我的更新用户信息的代码:
if($update_stmt = $link_reg->prepare("UPDATE email_pass SET password=?, salt=?, customer_id=?, subscription_id=?, subscription_datetime=? WHERE email=?")){
$update_stmt->bind_param('ssssss', $new_password, $random_salt, $new_customer_id, $new_sub_id, $new_sub_datetime, $new_email);
if($update_stmt->errno){
echo($update_stmt->error);
}
// Execute prepared query
if($update_stmt->execute()){
// MORE CODE HERE
} else {
echo("ERROR?");
}
}
当我运行它时,我得不到反馈。

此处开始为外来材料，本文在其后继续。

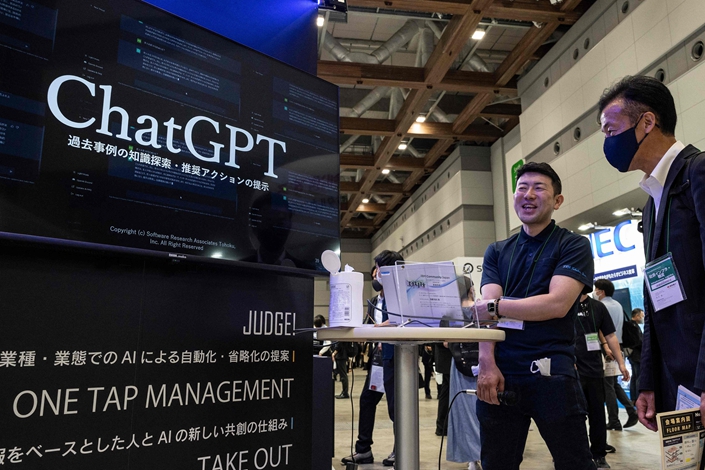 A man speaks with a booth representative (2nd R)  promoting ChatGPT at the three-day 7th AI Expo, part of NexTech Week Tokyo 2023. Photo: VCG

我的数据表没有更新,但也没有echo消息。
某处有错误吗?为什么代码不能正常执行?
这是一些示例UPDATE数据和表的列
$new_password = '532a69d8124604e33e9f45a8c9xbea92c342cbd5a3f847f770816dbd97975b2769f52a25806ead6100c1ac1a9a1a4de6b1641279a26854fba7c162caffca8e9f';
$random_salt = 'b6a1062d2c07c3aa900cbe9777d4670192f77241ad0b5ceb5f7968e3107f6d719b450d2ac37165e7827f53c2005797c985deddb9bec71724948bcd833ea72e87';
$new_customer_id = '19582601';
$new_sub_id = 'crj94x';
$new_sub_datetime = '2014-02-25 19:41:56';
$new_email = 'myemail@someemailplace.com';
CREATE TABLE语法:
CREATE TABLE `email_pass` (
`row_id` int(11) NOT NULL AUTO_INCREMENT,
`email` varchar(255) CHARACTER SET utf8 COLLATE utf8_unicode_ci NOT NULL,
`password` char(128) CHARACTER SET utf8 COLLATE utf8_unicode_ci NOT NULL,
`salt` char(128) CHARACTER SET utf8 COLLATE utf8_unicode_ci NOT NULL,
`customer_id` varchar(255) CHARACTER SET utf8 COLLATE utf8_unicode_ci NOT NULL,
`subscription_id` varchar(255) CHARACTER SET utf8 COLLATE utf8_unicode_ci NOT NULL,
`subscription_datetime` datetime NOT NULL,
PRIMARY KEY (`row_id`)
) ENGINE=MyISAM AUTO_INCREMENT=239 DEFAULT CHARSET=latin1
答案 0 :(得分:0)
我已经尝试过您的代码,但它确实有效。您的代码中有WHERE email=?,其中填充了$new_email。可能是因为您要通过搜索要设置的新电子邮件而不是当前的电子邮件地址(或where row_id = ...)来查找要更新的记录?
即。您没有收到任何错误,也没有更新,因为您的email = <new email> where子句没有匹配。
答案 1 :(得分:0)
Welp,事实证明我忘了向UPDATE授予MySQL用户权限。它只能SELECT和INSERT。